**Data shown**
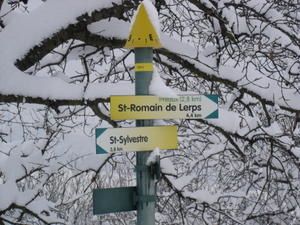 Neige----blanc-Janvier-2006-048.jpg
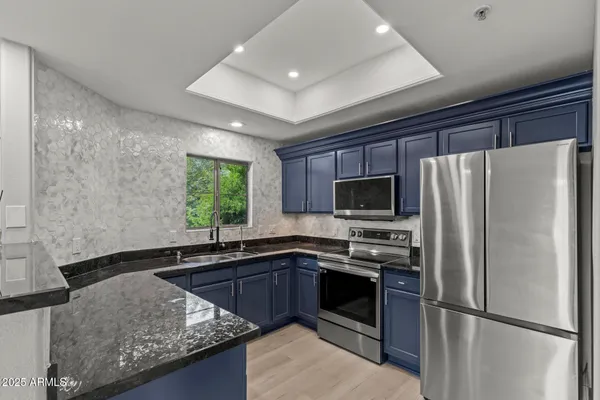 $2,500 | 11680 East Sahuaro Drive, Unit 2017, Scottsdale, AZ 85259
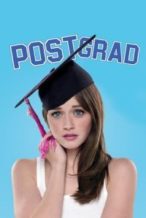 Nonton Film Post Grad (2009) Subtitle Indonesia Streaming Movie Download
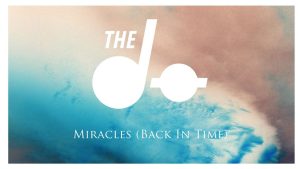 متن و ترجمه آهنگ Miracles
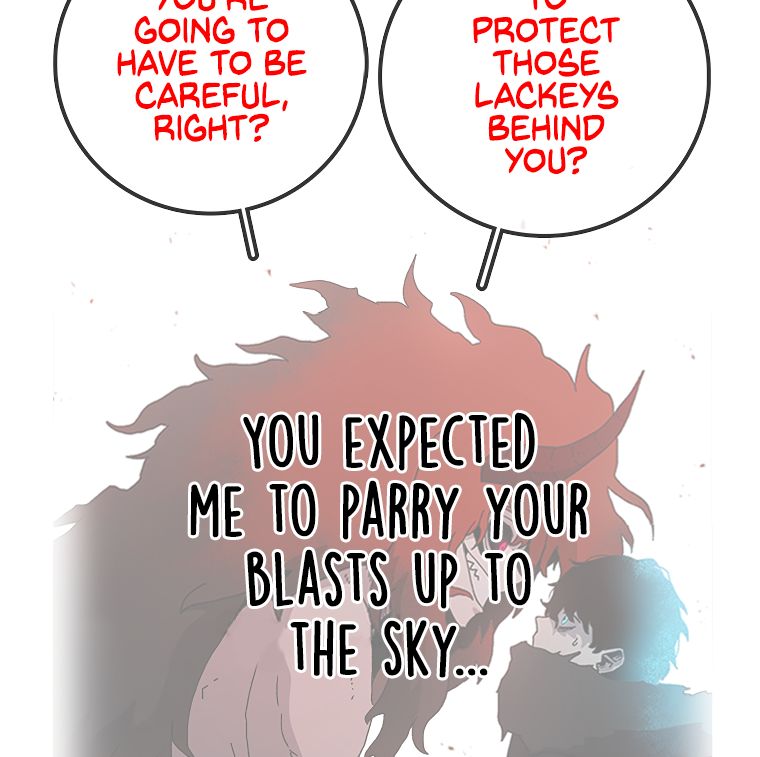 Read The House Without Time EN Manga Online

**Goal of the exercise**
The answer should consist only of the lines from the line with "متن و ترجمه آهنگ Miracles" through the last line of the data, repeated exactly; pictures stay out.

**Problem solution**
 متن و ترجمه آهنگ Miracles
 Read The House Without Time EN Manga Online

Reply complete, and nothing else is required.